Miami Circle Secured For Now Ndash But Seawall Funding Uncertain
By Risa Polansky
A temporary fix to the crumbling seawall adjacent to the famed Miami Circle in Brickell is just about complete, says State Archeologist Ryan Wheeler — but circle supporters will have to wait until at least next summer to see any further movement in securing the site.
Should the Legislature in March grant a $2.5 million request for funds to construct a permanent wall, the money could come in by July, Mr. Wheeler said, with construction to begin later in the year.
Florida’s Division of Historical Resources funded the $150,000 in remedial shoring, he said.
Should the state deny the $2.5 million, Mr. Wheeler said he is "not sure" where plans would go from there.
Meanwhile, discussions continue between Florida’s archeological bureau and the local Historical Museum of Southern Florida, set to take control of managing the 2,000-year-old site, which probably is a relic of the Tequesta people.
A lease agreement could be completed as early as a month from now, said Bob McCammon, president and CEO of the museum.
The public could gain limited access to the now blocked-off site beginning this fall, he said, possibly through tours for schools and other groups.
In the future, the museum may create a "passive park kind of environment" with posted educational information about the circle’s history, he said, but now, "with the Icon building being under construction, it will be a while before total access is available."
Icon Brickell, Related Group’s three-tower luxury residential project at 495 and 501 Brickell Ave., is set for completion winter 2008.
Another limiting factor at the site is the layer of protective limestone covering the circle, which is to remain "for years into the future until we figure out a way to protect it when it’s exposed," Mr. McCammon said.
Once it becomes the circle’s manager, the museum is to be responsible for area maintenance and any additions to the property, such as signage, he said.

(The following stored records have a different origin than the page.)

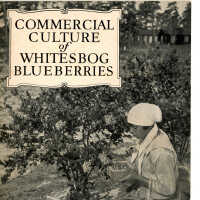 Commerical Culture of Whitesbog Blueberries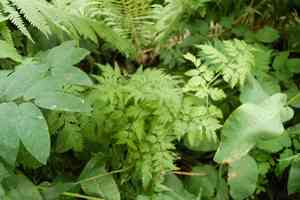 Cow parsley(Anthriscus sylvestris)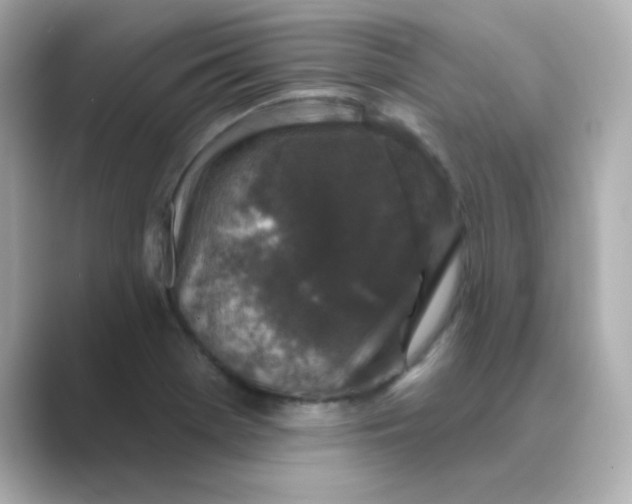 X0000088671369200706211843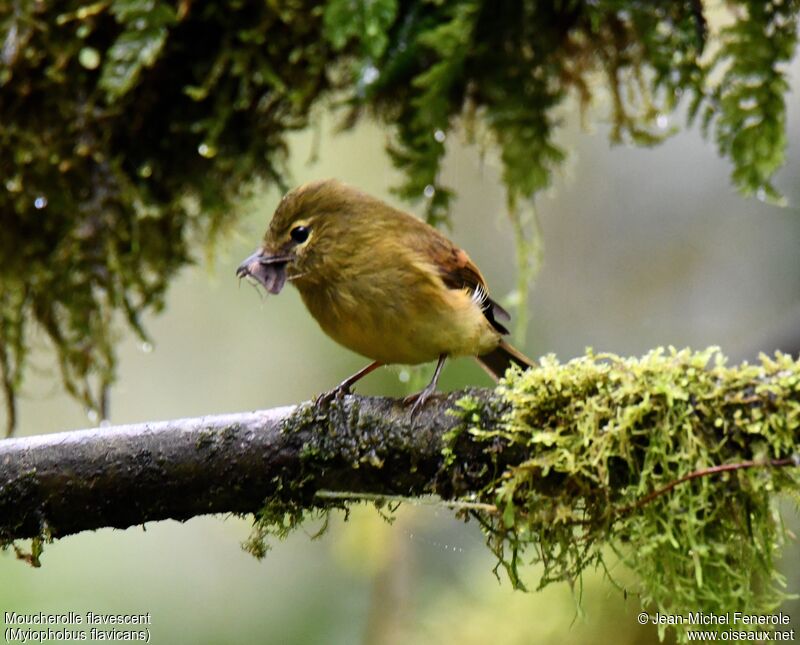 Flavescent Flycatcher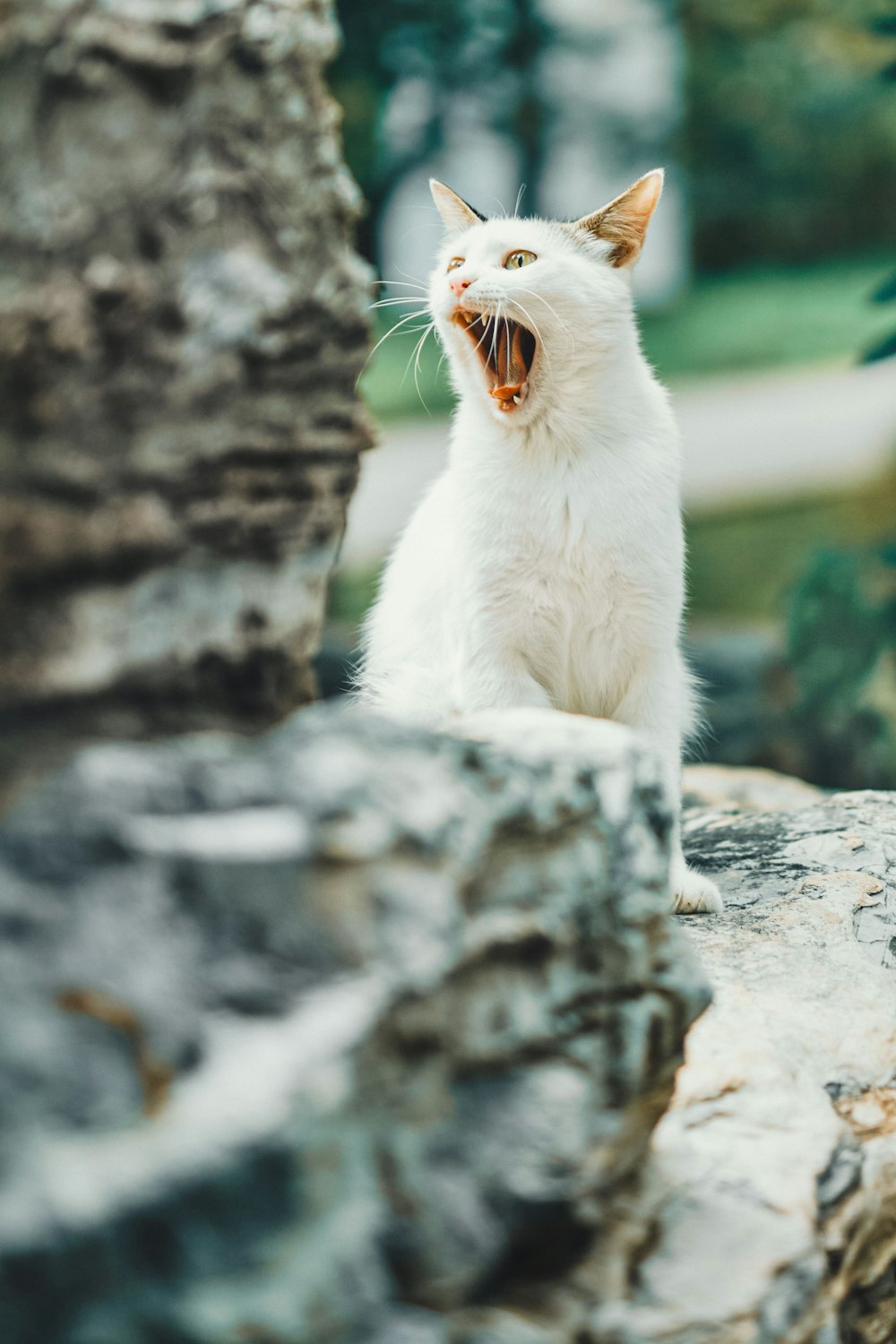 white cat on gray rock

The state will still be responsible for continuing with seawall repairs, Mr. Wheeler said, as well as for providing technical and archeological expertise regarding the property.
The museum’s lease would run through 2052 and require only a "nominal" rent to the state, Mr. McCammon said, probably about $300 a year.
The historical museum became the main contender for site manager after the National Parks Service denied a request to make the circle part of nearby Biscayne National Park, because it’s a cultural landmark, not a natural one.
Part of Cultural Center Plaza in downtown Miami, the museum now features an exhibit of circle artifacts uncovered in 1999, when excavations began.